Either I was kidnapped by aliens and given a lobotomy in my sleep, or I must have had what my grandmother used to call “a funny turn” because a few weeks ago, I agreed to let a flat to a group of second-year students, ignoring all the horror stories I have heard about undergraduates turning properties into pigsties.
I was probably swayed by the fact that this bunch weren’t too shabby and they seemed mature for their age. Despite the fact that during the viewing I only got the briefest glimpse of their faces, which were almost permanently planted in their mobiles — they just nodded occasionally when I spoke to them and said the odd “Uh-huh” — I didn’t get the impression they were the sort to throw wild parties.
If I am honest, I was probably also seduced by the fact that the girls were not much older than my own daughter, who will be looking for accommodation when she goes to university in the next couple of years. I suppose I was thinking that if I expect a landlord to accept her as a tenant, then I should be prepared to take a punt on this lot.
Or maybe I was just being lazy. They were the first to view, the first to put in an offer and I thought, what the heck, I’m sure it will be fine.
I was encouraged that they immediately handed over a holding fee and they were quick to send me references and details of their guarantors. The students paid their first month’s rent a few days before they moved in, and on check-in day they turned up almost on time.
However, their second payment failed to materialise on the due date. Now, that’s not unusual as tenants often forget to fill out the standing order for their bank in all the excitement of moving. So rather than going into full panic mode, I just emailed them a friendly reminder. They replied saying something along the lines of: “Oh yeah, we thought we’d wait for you to ask.”

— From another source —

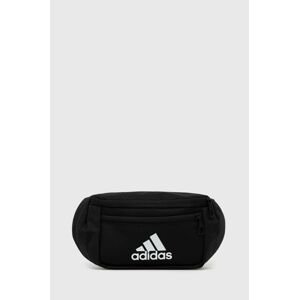 Ľadvinka adidas Performance H30343 čierna farba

Did they hope that I wouldn’t notice and they would have more cash for fags? This somewhat casual approach to the rent started to make me twitchy.
Then, when the payment did hit my account, it was more than £100 short. “Sorry,” they emailed, “we haven’t got the full amount.”
Just like that. It’s as though they thought that paying the rent was optional, a bit like attending lectures.
I suppose I should be grateful that at least they paid the bulk of what they owed, albeit after a bit of prod, but they haven’t bothered to reply to my email asking if and when they will pay the rest. I will wait to see what happens next month, but the fact that they have slipped into debt right at the start of the tenancy doesn’t give me high hopes that the next year will be plain sailing.
I didn’t take a deposit from them — I’m blaming that on those aliens, too — but I did insist their parents guaranteed their rent, so if future payments aren’t made in full and they start to build up a significant debt I will have to write to their mums and dads to ask that they make up the shortfall. I would hate to have to do that, but I guess that as the guarantors signed the tenancy agreement they knew what they were letting themselves in for.
Still, hopefully it won’t come to that. Hopefully this lot will get their finances sorted and they will prove that students, even the young ones, can make decent tenants.
I am sure there will be more of this story to tell you later.